The move means Canadians will no longer be able to share or view content posted by news organizations.
That includes public broadcasters like the Canadian Broadcasting Corporation (CBC) and independent outlets like NB News Now.
Paul Deegan, president of News Media Canada, said in a statement that the move will harm user experience and devalue Facebook’s platform.
“Without access to real fact-based news created by real journalists, Facebook will become far less attractive to users and advertisers,” he said.
“We expect more and more advertisers and their agencies will begin pulling advertising from the platform in response to this unilateral, undemocratic, and unreasonable move.”

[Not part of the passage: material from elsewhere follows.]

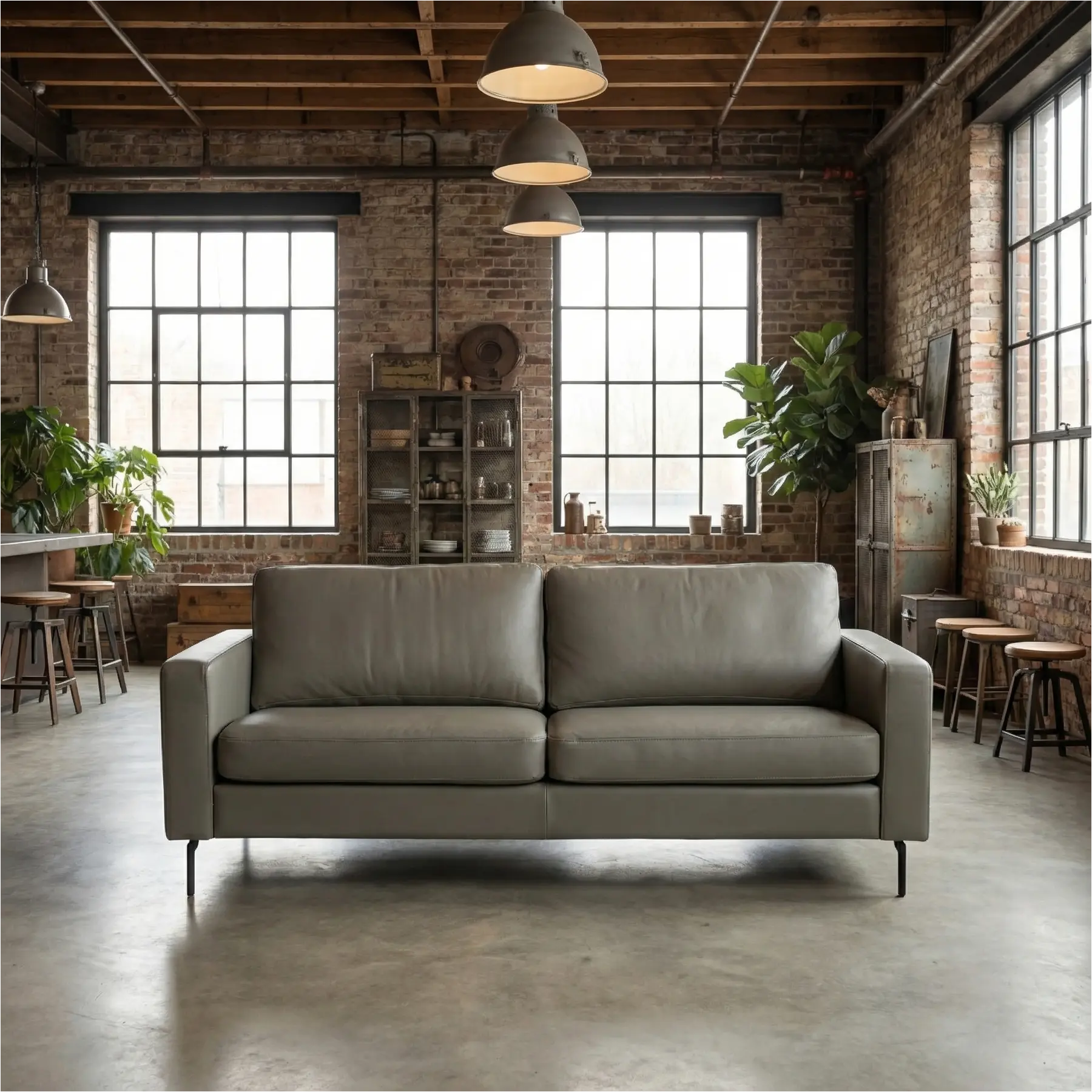 afbeelding van Leren bank Match - 2,5 zits - Toledo Smog (grijs) - Poten staal zwart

Meta’s decision is in response to Bill C-18, a piece of federal legislation known as the Online News Act expected to come into full effect by January.
It requires companies like Google and Meta to compensate Canadian news outlets for the content shared on their respective platforms.
“Google and Facebook earn 80 per cent of all digital advertising revenue in Canada. Meanwhile, hundreds of newsrooms have closed,” said Canadian Heritage Minister Pascale St-Onge in a statement.
“A free and independent press is fundamental to our democracy, and Canadians expect tech giants to follow the law in our country.”